To make this example more concrete, let’s suppose we wanted to write a note. We provide to the hand a fork, and ask it to return to us a note. Accepting the fork, the hand blithely tears the paper into shreds and hands you what remains, considering its mission to be complete.
This is not ideal.
Instead, lets give the hand some rules it can follow to determine if it should perform a task with a utensil. For example, we would have prefered it use a pencil when writing a note instead of a fork. To describe this more formally, we might say that a task “write note” requires a pencil and returns a note:
write note : pencil -> note
Repeating the above situation, we provide a fork to the hand and ask it to write a note. The hand observes that a fork cannot be used to make a note as it is not a pencil, and our paper remains unshredded (though still blank).

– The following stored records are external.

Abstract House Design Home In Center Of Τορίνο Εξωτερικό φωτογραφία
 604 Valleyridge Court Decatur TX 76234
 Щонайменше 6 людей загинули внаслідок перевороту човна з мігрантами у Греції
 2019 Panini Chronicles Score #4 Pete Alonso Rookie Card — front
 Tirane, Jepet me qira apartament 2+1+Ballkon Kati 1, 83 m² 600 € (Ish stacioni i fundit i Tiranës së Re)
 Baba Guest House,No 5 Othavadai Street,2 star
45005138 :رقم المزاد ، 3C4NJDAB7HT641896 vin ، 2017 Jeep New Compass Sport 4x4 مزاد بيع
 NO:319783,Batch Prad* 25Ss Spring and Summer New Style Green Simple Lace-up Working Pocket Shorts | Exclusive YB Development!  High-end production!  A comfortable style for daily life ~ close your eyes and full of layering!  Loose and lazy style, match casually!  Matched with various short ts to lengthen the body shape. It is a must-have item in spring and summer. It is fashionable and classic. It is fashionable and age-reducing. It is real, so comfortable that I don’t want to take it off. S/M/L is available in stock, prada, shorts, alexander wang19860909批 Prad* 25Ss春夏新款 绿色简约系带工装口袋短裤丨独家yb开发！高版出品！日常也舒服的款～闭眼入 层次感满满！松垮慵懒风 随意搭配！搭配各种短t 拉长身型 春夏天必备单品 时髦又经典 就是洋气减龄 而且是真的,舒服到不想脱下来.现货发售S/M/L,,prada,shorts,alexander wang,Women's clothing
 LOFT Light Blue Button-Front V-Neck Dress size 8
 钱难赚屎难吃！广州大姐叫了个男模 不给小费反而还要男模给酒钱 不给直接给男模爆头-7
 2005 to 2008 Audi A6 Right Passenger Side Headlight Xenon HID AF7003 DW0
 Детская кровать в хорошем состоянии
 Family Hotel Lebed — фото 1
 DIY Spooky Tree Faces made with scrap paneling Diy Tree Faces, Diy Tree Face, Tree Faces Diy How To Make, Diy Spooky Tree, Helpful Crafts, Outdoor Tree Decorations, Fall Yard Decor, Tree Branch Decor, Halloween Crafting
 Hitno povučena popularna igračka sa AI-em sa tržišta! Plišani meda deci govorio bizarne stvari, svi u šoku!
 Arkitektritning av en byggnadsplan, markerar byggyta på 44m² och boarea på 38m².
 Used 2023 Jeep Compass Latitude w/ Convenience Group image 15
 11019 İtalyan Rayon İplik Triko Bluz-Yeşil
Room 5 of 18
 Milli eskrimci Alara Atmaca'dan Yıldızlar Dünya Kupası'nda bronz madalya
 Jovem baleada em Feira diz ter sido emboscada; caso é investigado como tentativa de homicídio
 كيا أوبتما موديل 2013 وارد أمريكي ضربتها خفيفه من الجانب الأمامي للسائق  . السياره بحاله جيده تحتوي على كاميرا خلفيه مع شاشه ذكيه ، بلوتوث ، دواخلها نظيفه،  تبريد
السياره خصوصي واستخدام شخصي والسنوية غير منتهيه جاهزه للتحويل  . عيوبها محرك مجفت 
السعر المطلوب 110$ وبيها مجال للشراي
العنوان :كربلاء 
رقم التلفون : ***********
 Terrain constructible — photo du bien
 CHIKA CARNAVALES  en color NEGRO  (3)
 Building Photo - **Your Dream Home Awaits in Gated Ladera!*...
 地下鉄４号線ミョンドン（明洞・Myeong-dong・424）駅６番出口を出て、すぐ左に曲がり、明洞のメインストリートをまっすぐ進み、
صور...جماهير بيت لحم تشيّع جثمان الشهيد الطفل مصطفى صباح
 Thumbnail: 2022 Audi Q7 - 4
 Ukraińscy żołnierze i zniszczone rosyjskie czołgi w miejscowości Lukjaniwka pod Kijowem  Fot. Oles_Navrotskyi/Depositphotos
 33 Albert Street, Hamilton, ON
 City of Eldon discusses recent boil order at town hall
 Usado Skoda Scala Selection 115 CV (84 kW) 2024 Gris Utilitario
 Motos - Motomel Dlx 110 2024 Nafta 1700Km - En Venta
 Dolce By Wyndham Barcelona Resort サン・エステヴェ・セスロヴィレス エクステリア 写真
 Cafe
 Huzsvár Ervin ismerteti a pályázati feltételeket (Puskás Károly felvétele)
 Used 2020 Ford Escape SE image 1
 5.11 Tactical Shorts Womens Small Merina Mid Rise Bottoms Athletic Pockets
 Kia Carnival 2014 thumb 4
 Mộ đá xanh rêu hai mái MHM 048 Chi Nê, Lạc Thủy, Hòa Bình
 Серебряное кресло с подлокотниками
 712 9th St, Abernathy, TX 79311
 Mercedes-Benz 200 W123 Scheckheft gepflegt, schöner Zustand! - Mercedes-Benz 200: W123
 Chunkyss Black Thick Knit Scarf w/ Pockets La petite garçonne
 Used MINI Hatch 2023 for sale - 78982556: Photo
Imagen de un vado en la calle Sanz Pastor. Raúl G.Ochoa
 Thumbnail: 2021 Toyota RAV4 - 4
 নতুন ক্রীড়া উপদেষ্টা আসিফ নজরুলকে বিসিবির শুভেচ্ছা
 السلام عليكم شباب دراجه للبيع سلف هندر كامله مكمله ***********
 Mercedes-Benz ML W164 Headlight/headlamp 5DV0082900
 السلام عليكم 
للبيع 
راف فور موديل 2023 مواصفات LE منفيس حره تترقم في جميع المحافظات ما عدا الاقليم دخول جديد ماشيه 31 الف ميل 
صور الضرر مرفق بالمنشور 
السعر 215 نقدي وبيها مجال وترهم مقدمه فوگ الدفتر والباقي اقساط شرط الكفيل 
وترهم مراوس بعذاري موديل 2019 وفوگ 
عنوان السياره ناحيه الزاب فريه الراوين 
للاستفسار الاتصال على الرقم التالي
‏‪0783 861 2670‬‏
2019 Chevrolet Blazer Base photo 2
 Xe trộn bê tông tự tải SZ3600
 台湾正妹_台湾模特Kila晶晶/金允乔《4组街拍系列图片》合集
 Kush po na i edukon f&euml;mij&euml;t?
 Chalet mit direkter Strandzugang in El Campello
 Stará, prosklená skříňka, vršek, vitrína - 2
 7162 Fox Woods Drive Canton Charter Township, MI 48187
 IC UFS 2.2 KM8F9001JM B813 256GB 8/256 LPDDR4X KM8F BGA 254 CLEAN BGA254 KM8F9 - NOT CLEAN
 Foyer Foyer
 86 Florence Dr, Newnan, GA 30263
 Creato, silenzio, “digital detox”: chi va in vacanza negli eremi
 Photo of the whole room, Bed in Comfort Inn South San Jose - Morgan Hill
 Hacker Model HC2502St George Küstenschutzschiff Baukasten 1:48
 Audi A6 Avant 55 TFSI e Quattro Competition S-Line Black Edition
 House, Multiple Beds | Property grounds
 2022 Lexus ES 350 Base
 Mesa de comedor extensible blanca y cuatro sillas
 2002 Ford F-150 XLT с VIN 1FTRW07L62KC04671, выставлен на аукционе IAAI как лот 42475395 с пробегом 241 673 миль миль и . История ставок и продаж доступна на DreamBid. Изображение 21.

However, if we were to write a note with a pen, according to the above rules, we would also be refused, as only pencils are allowed to write notes. Instead of helping us, the type annotation above seems to be in the way.
Finding a way to fix this mismatch while still constraining inputs is the fundamental goal of a type system and is where a lot of complexity arises. There is also a lot of freedom in implementation, some type systems are as strict as the above, and provide little expressive power, others provide a great deal (becoming Turing-complete in the process) at the cost of complexity.
Ultimately it is important to remember what the purpose is. A type system should abstract away details that the computer needs but which impede a person’s comprehension of a system. A good type system should be a compromise between the fuzzy (and indistinct) world of language that people understand, and robust formal systems that computers can use.
Defining a Type#
In QIIME 2 there are 3 kinds of types, all of which use the same underlying grammar. Only one of these kinds can be extended, the Semantic Type. The other two, Primitive Type and Visualization, are built into the framework.
Semantic types are the only kind that can be extended, so let’s start there with our example from before.
To create a type, we use the SemanticType
factory:
Pencil = SemanticType('Pencil')
That’s it! Let’s define some more:
Pen = SemanticType('Pen')
Fork = SemanticType('Fork')
Spoon = SemanticType('Spoon')
Chalk = SemanticType('Chalk')
To let QIIME 2 know that these new types exist, we’ll need to register them on
our plugin object
with register_semantic_types
:
plugin.register_semantic_types(Pencil, Pen, Fork, Spoon, Chalk)
Now QIIME 2 is aware of these types and we can use them.
There are only 5 types right now, but imagine we had dozens, it might get a bit hard to keep them all straight. To make it easier for us to talk about them, we can try to group similar types together. Looking at our type, we seem to have two broad categories so far, writing and dining utensils. Let’s define some composite types to group them:
Dining = SemanticType('Dining', field_names=['utensil'],
field_members={ 'utensil': (Fork, Spoon) })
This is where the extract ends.